Work task
Beginning with the line containing "Hp pavilion gayming v15 5", transcribe every line exactly down to the last one in the records below, and drop the pictures.

Task inputs

--

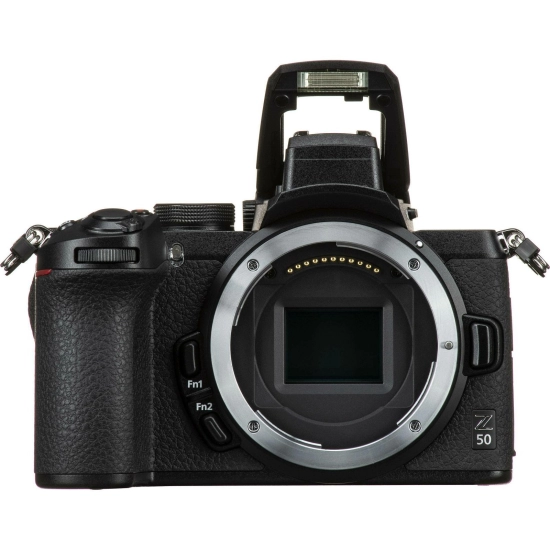 Fotoaparat NIKON Z50 Body, CMOS sensor, 20.9MP, 4K UHD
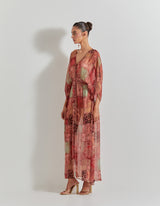 Spicy Glam Dress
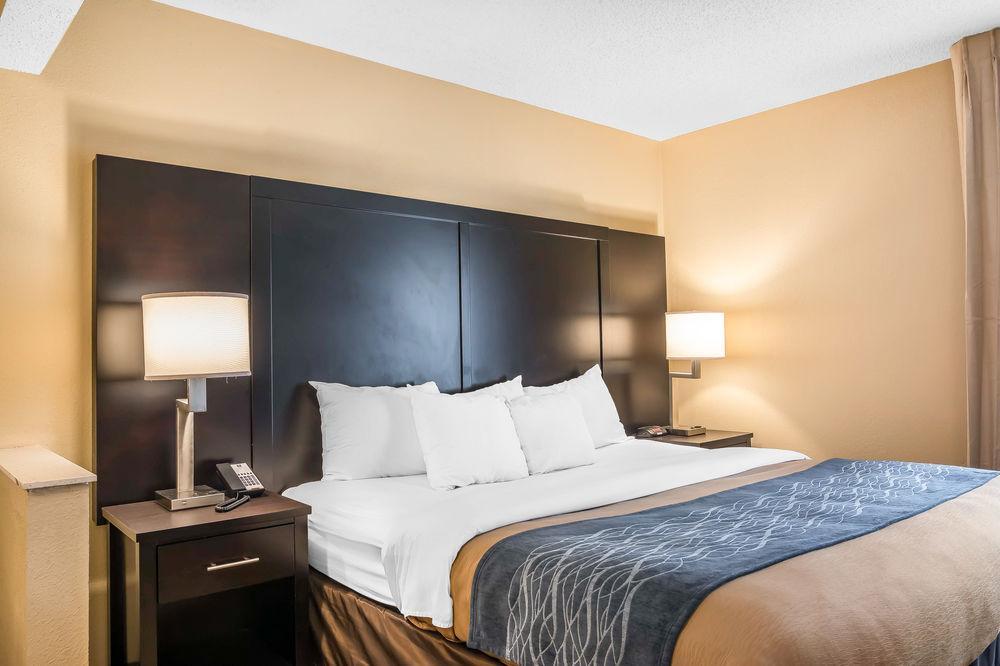 Comfort Inn & Suites Atlanta-Smyrna Εξωτερικό φωτογραφία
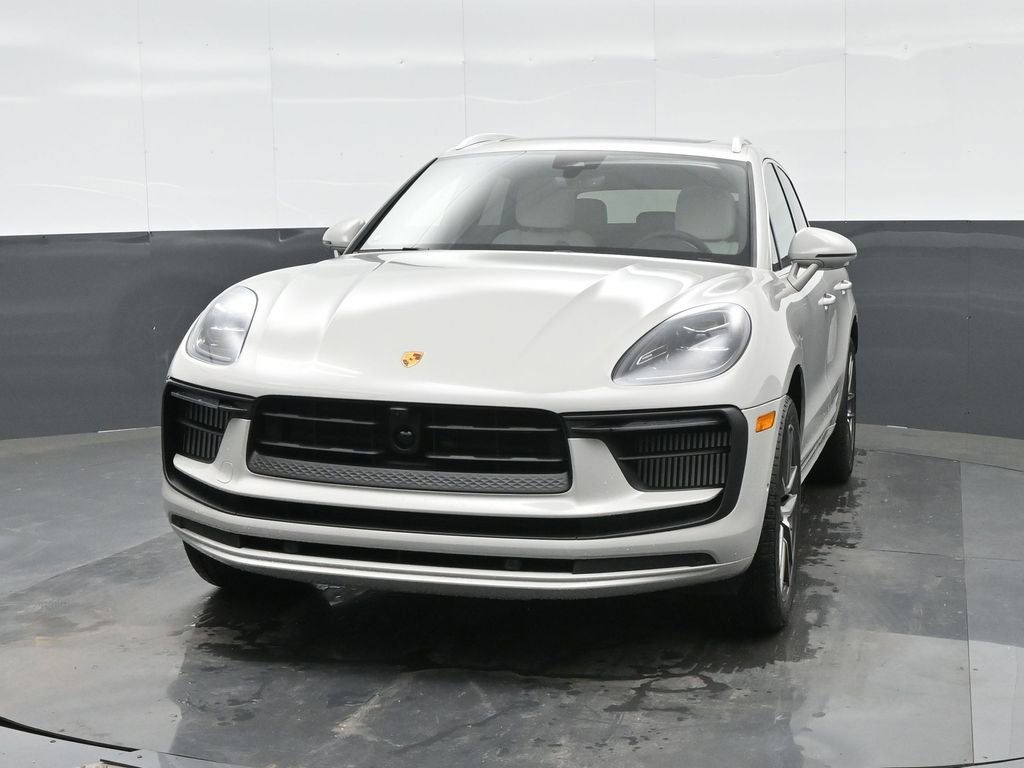 New 2026 Porsche Macan S AWD/4WD image 12
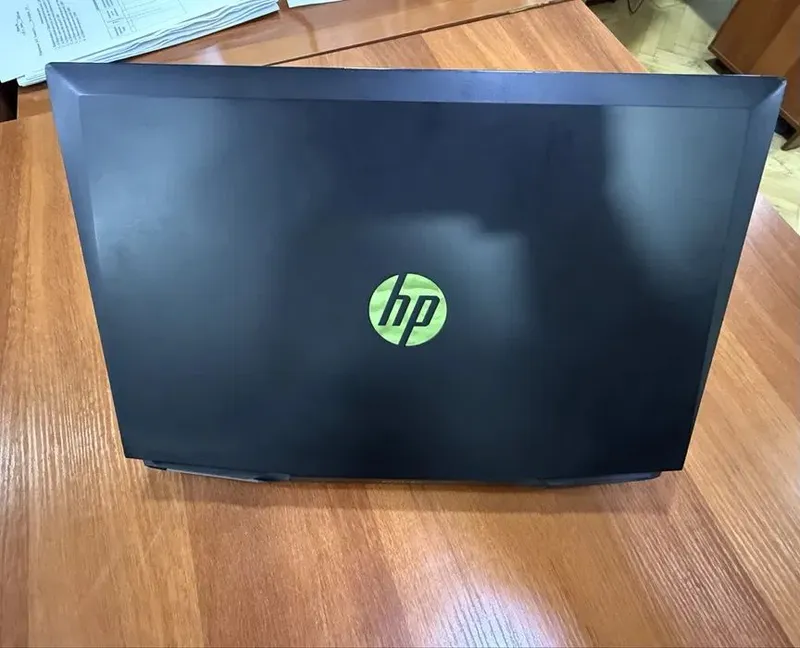 Hp pavilion gayming v15 5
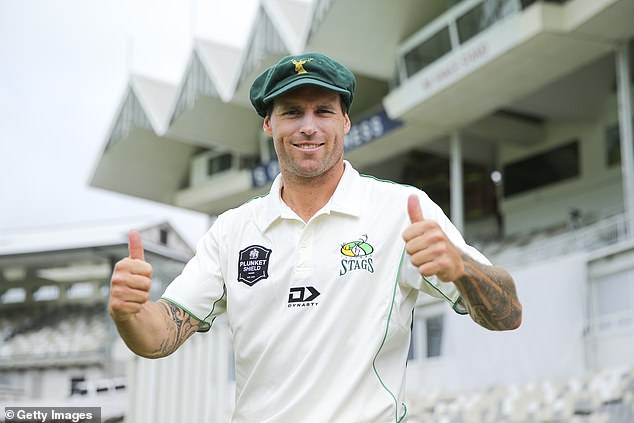 Kiwi cricketer BANNED for using cocaine in the middle of a match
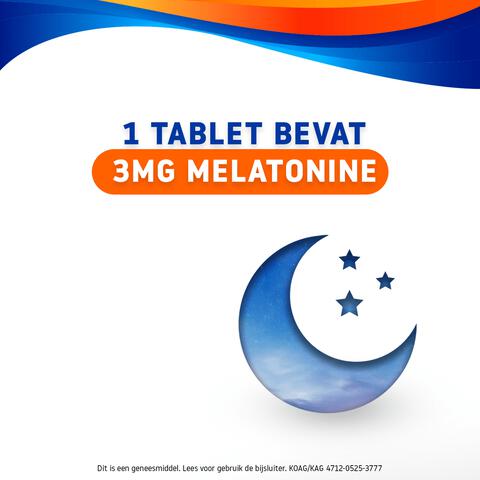 Valdispert Melatonine 3 mg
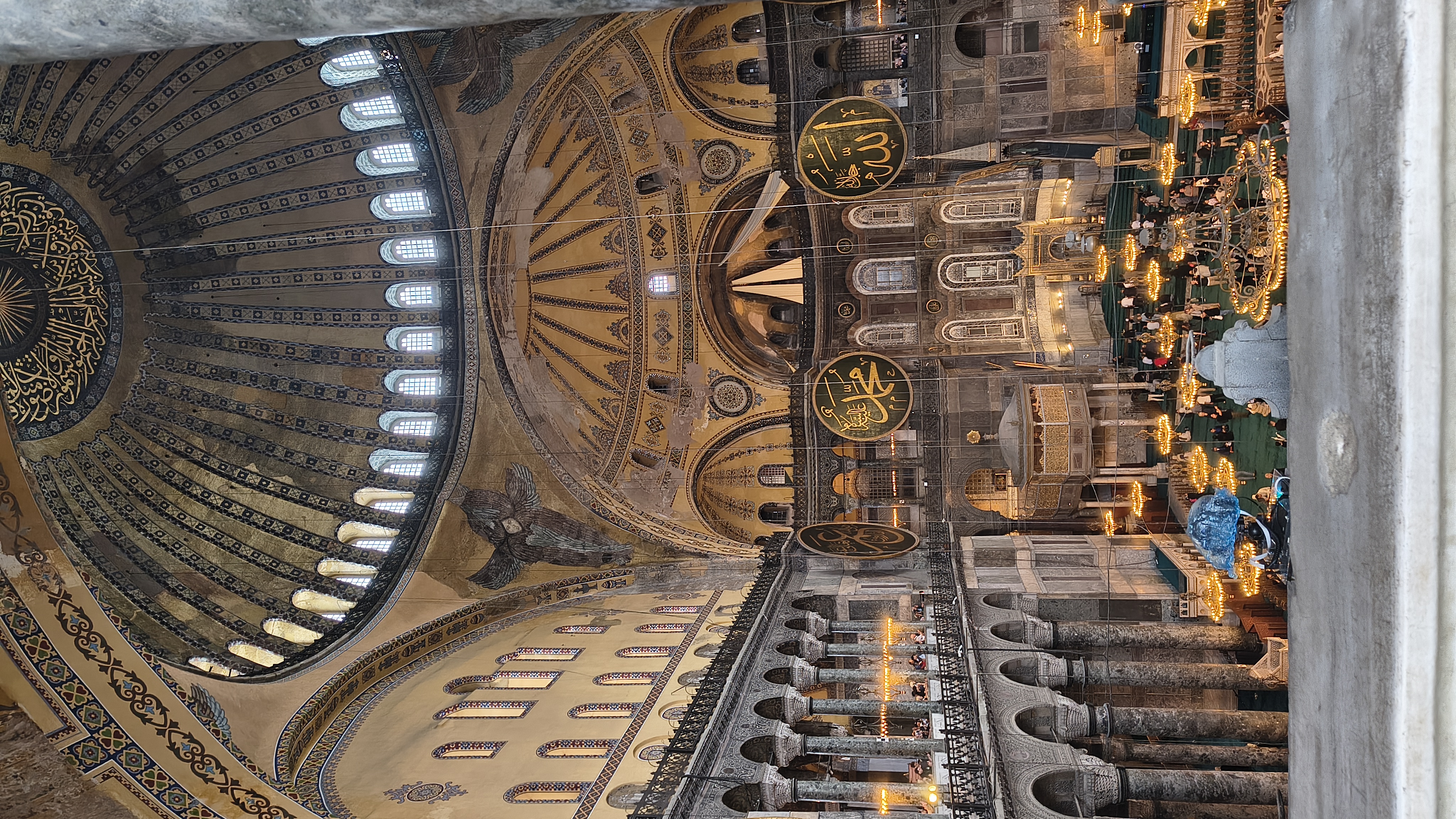 Agia Sofia Istanbul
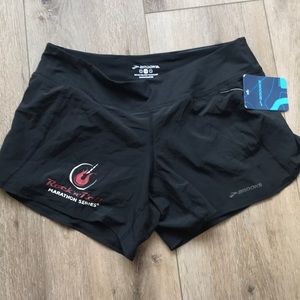Brooks Running Shorts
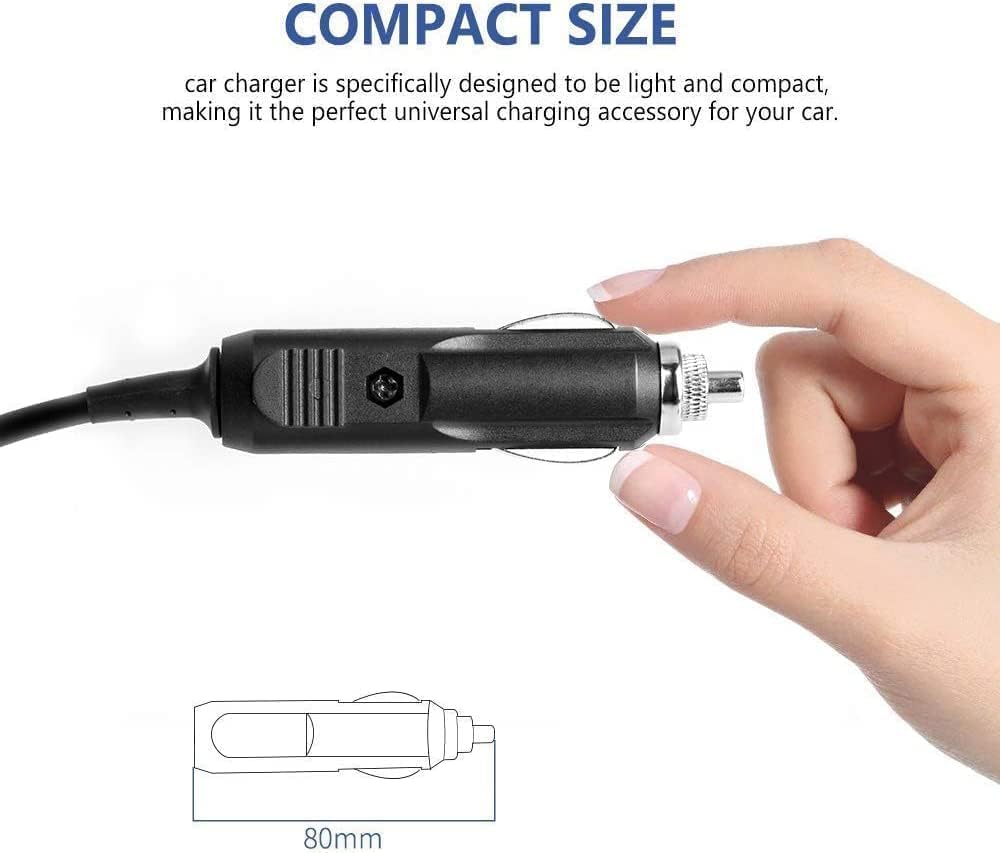 Thumbnail 3 de TAIFU 12V-24V KFZ-Netzteil (DC) für ResMed AirSense/ AirCurve 10 CPAP & BiPAP Geräte – 90 W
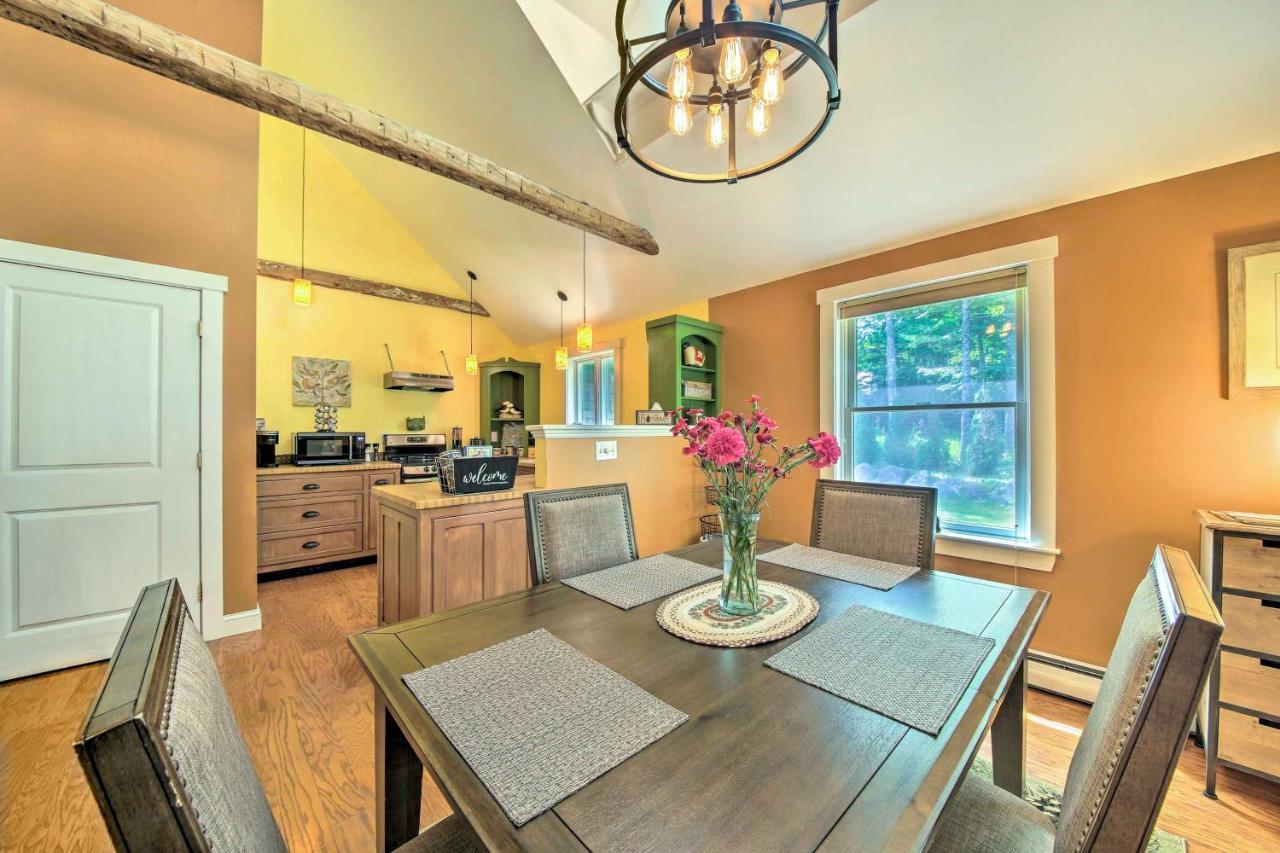 Hidden Gem Cottage Near Blue Hill Peninsula Brooklin Экстерьер фото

--

Your solution
 Hp pavilion gayming v15 5
 Kiwi cricketer BANNED for using cocaine in the middle of a match
 Valdispert Melatonine 3 mg
 Agia Sofia Istanbul
Brooks Running Shorts
 Thumbnail 3 de TAIFU 12V-24V KFZ-Netzteil (DC) für ResMed AirSense/ AirCurve 10 CPAP & BiPAP Geräte – 90 W
 Hidden Gem Cottage Near Blue Hill Peninsula Brooklin Экстерьер фото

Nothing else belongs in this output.